• [Description of the task]
Restate exactly the lines below, from the one containing "Johnnie Walker Elusive" through the final line, and leave out the pictures.

--- START ---

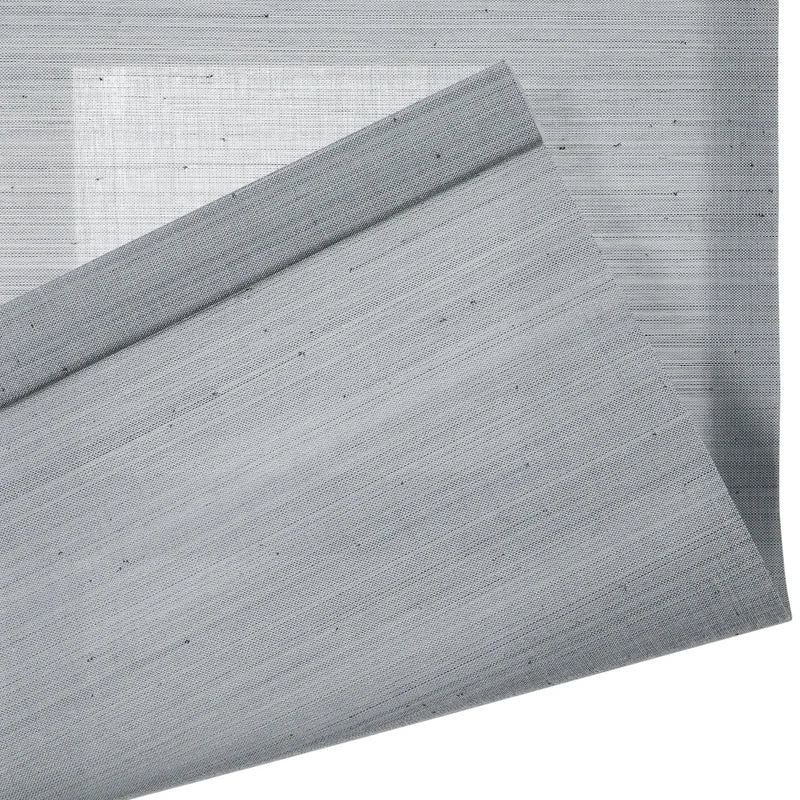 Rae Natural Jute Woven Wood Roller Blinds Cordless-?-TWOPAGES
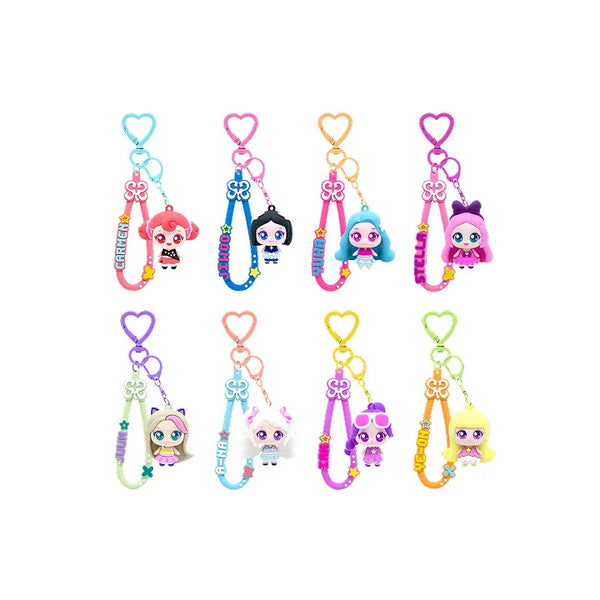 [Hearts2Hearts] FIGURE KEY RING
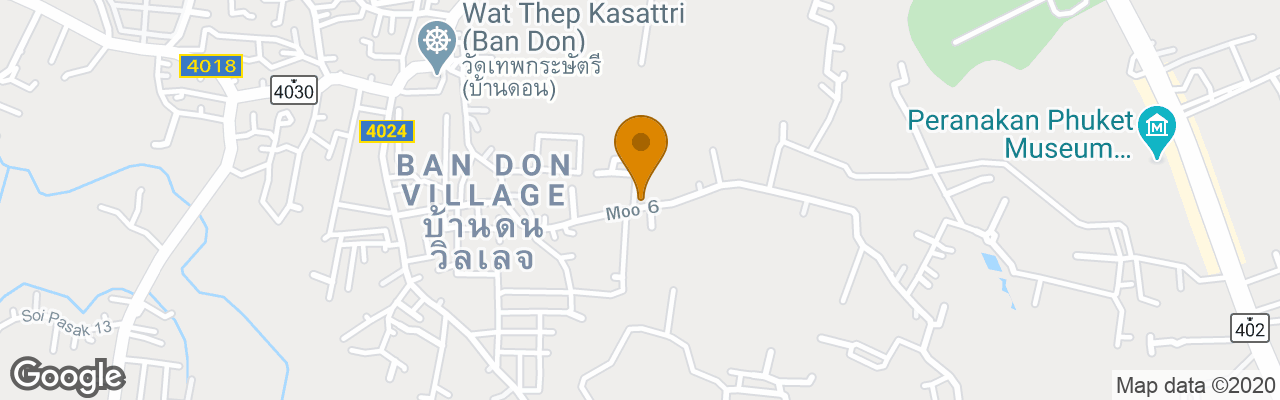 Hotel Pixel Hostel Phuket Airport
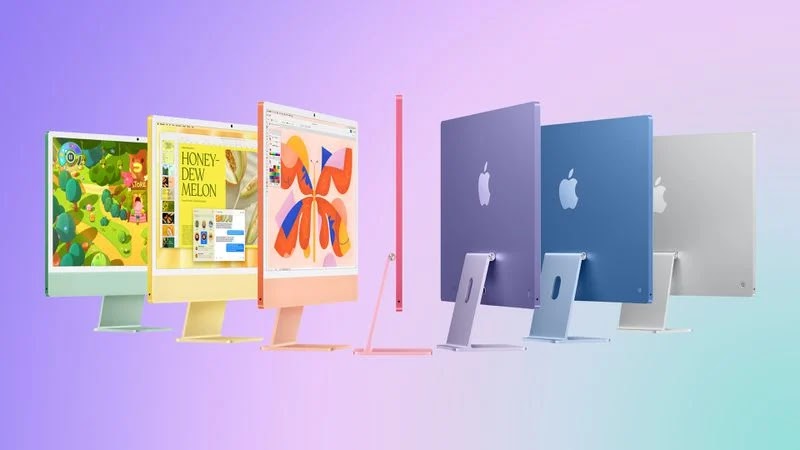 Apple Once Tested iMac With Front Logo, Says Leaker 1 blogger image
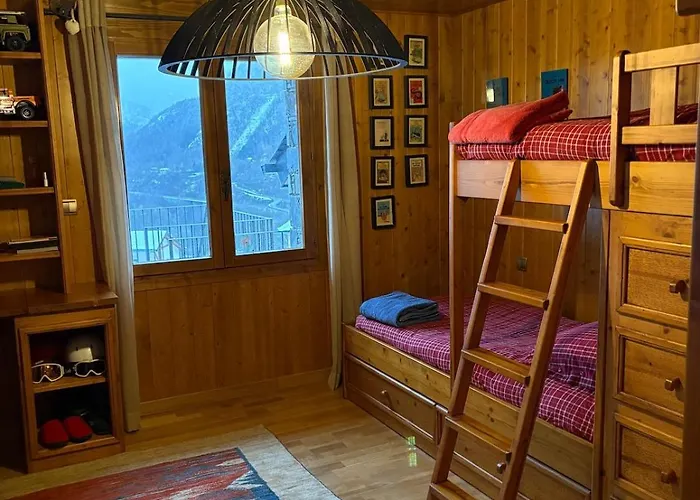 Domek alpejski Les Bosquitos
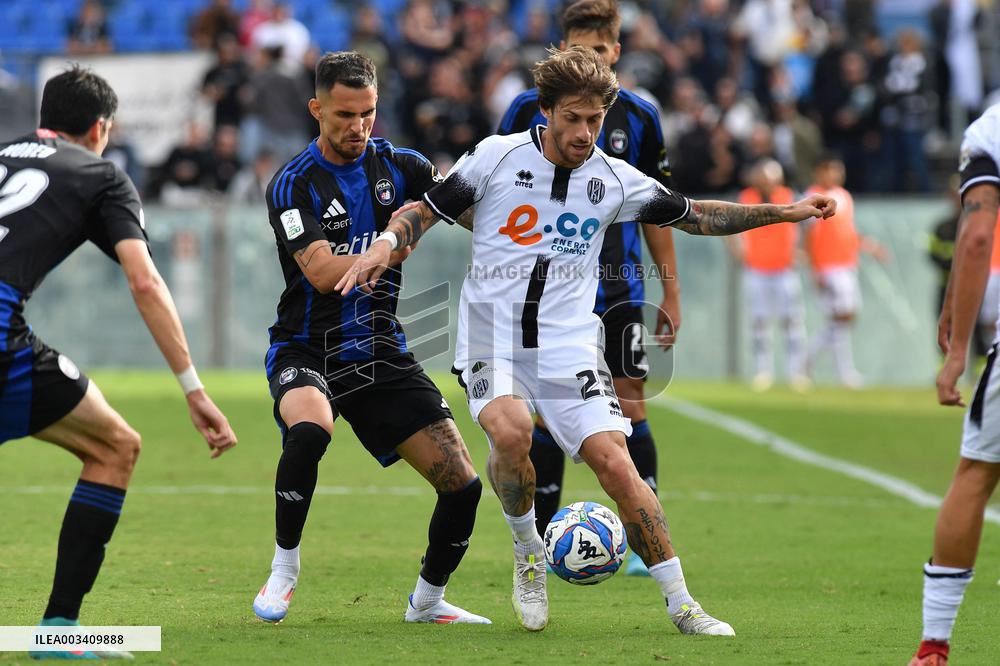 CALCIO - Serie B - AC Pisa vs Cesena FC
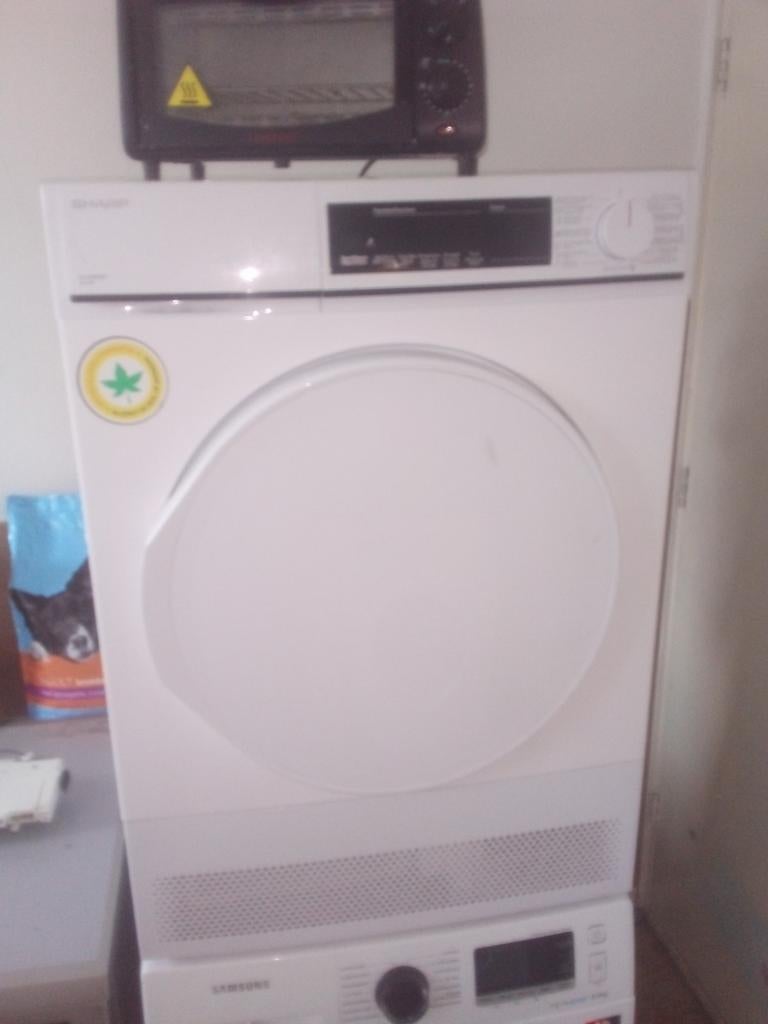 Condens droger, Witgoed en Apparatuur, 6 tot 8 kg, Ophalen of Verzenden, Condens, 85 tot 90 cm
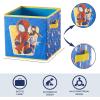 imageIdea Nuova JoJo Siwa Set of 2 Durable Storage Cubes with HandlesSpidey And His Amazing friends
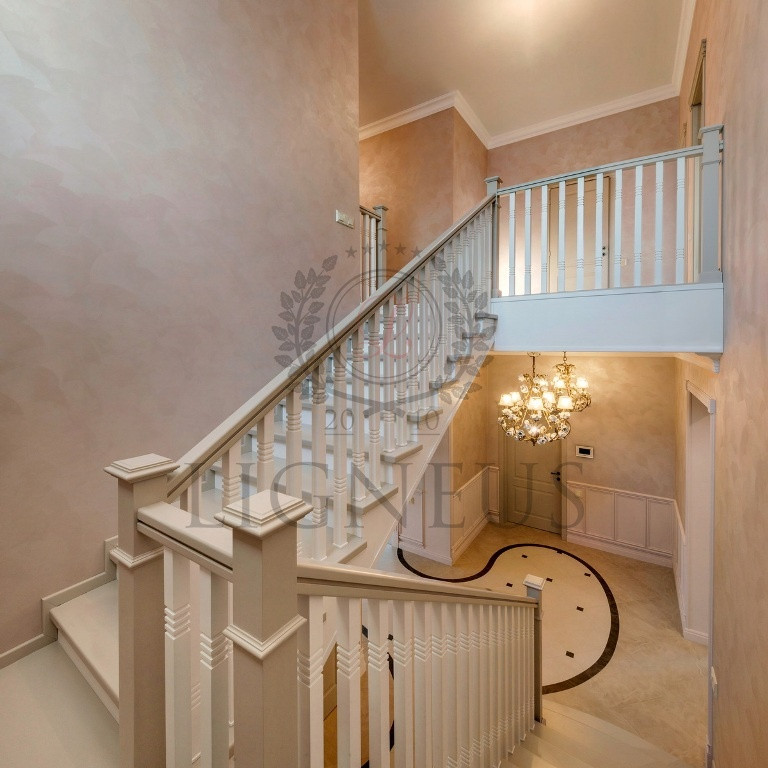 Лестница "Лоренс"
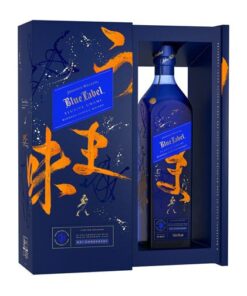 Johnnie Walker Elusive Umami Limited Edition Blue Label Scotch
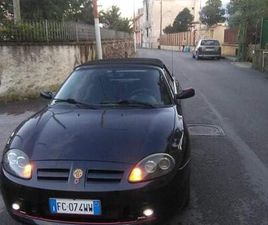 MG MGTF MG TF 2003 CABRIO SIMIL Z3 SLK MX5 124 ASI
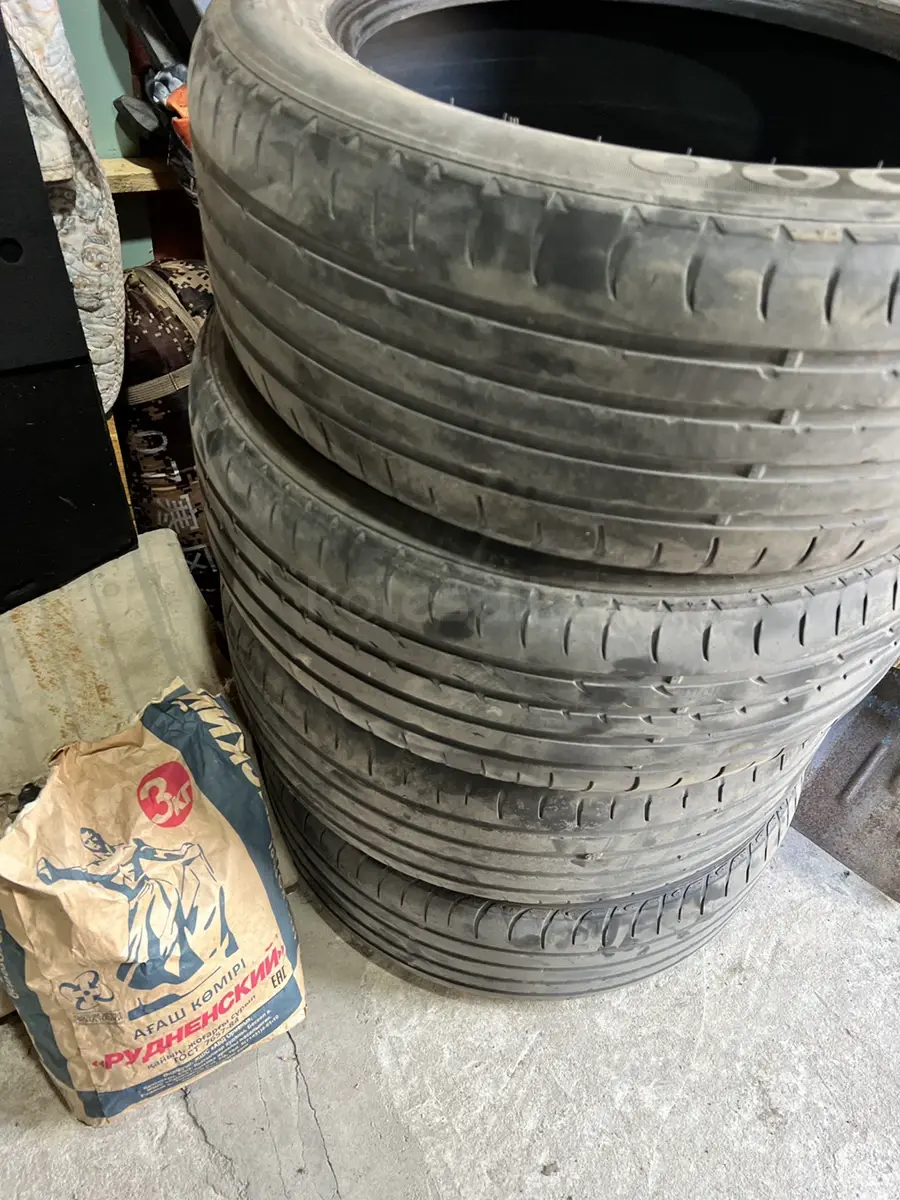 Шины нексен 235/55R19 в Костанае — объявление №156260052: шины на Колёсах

--- END ---

• [Reply]
 Johnnie Walker Elusive Umami Limited Edition Blue Label Scotch
 MG MGTF MG TF 2003 CABRIO SIMIL Z3 SLK MX5 124 ASI
 Шины нексен 235/55R19 в Костанае — объявление №156260052: шины на Колёсах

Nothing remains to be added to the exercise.